__Problem to work on__: Set down exactly the lines in the records below that run from the line with "Stapel von vielen" to the line with "A stone patio", inclusive, and nothing more.

:: Source material ::

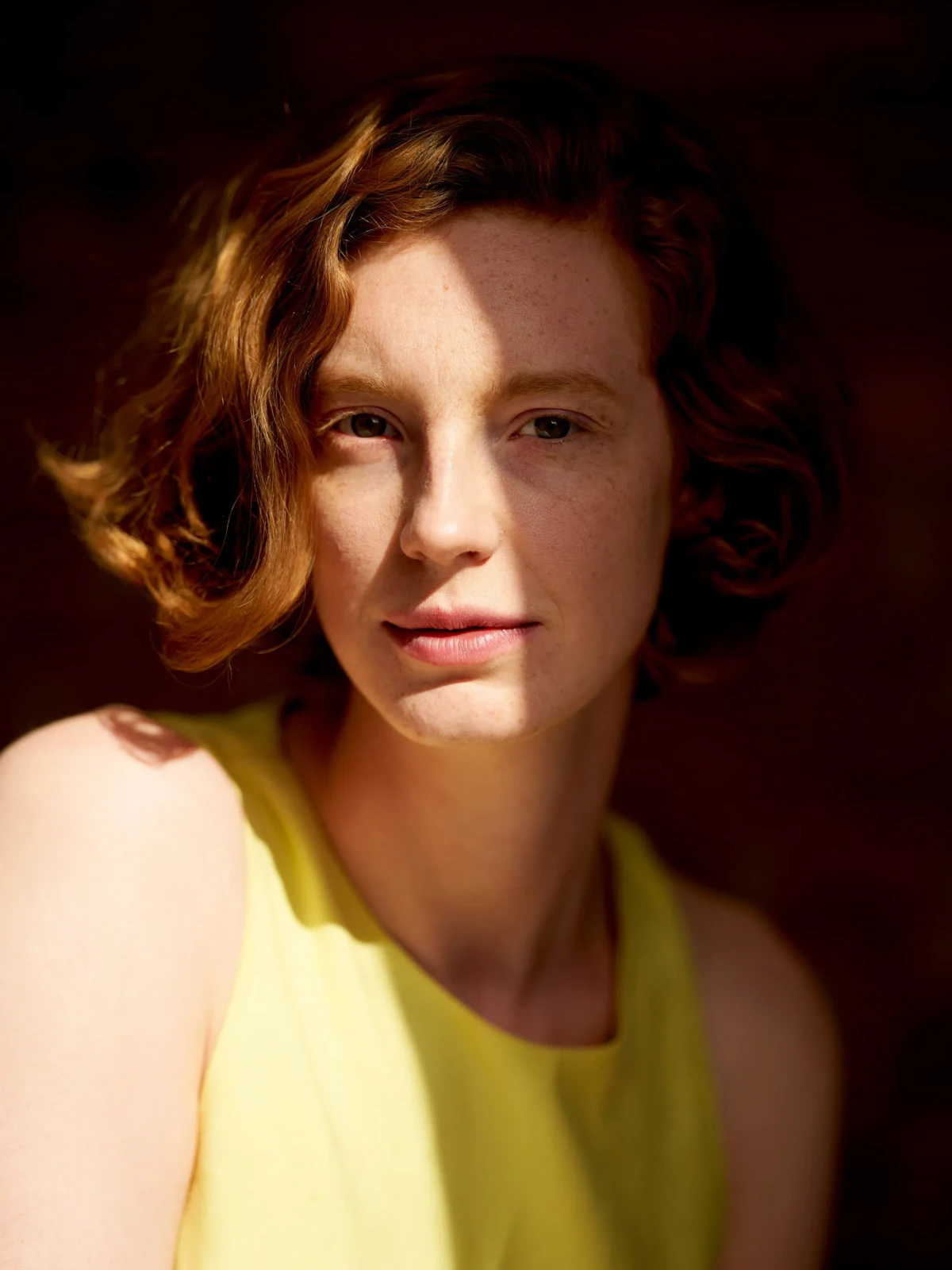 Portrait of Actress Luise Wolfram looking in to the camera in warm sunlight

:::
:: Source material ::

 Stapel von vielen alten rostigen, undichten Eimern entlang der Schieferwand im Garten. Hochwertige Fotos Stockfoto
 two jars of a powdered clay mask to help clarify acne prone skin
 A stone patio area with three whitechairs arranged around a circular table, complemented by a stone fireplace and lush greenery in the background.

:::

__Output for this exercise__:
 Stapel von vielen alten rostigen, undichten Eimern entlang der Schieferwand im Garten. Hochwertige Fotos Stockfoto
 two jars of a powdered clay mask to help clarify acne prone skin
 A stone patio area with three whitechairs arranged around a circular table, complemented by a stone fireplace and lush greenery in the background.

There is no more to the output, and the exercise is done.